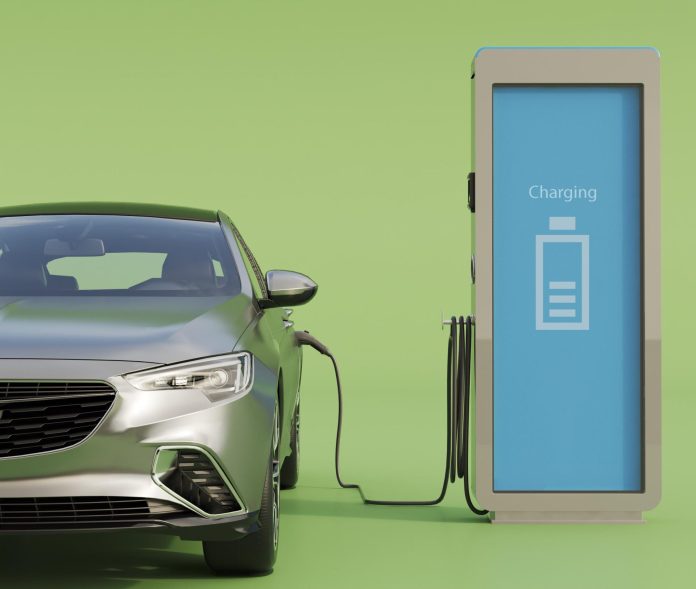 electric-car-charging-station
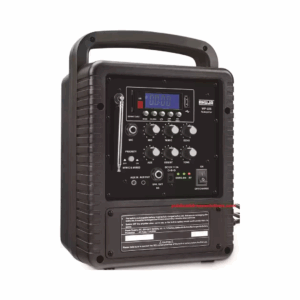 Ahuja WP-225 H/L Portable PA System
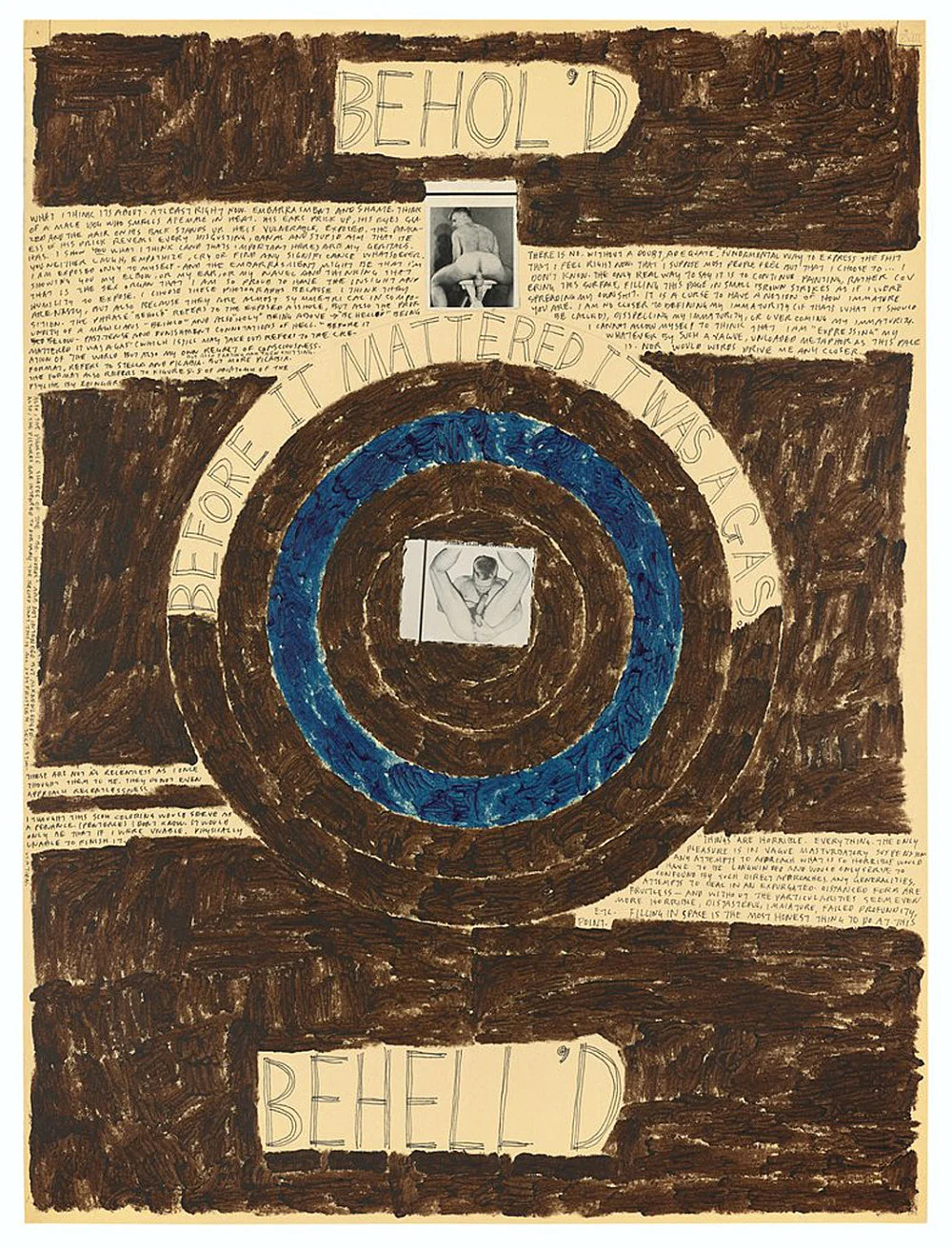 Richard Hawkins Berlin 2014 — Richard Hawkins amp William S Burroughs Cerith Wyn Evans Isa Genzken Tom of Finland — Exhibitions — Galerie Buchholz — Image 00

◆ **What you should do**:
When copying the listing, print each line exactly but leave out every picture.

◆ **Written answer**:
 electric-car-charging-station
 Ahuja WP-225 H/L Portable PA System
 Richard Hawkins Berlin 2014 — Richard Hawkins amp William S Burroughs Cerith Wyn Evans Isa Genzken Tom of Finland — Exhibitions — Galerie Buchholz — Image 00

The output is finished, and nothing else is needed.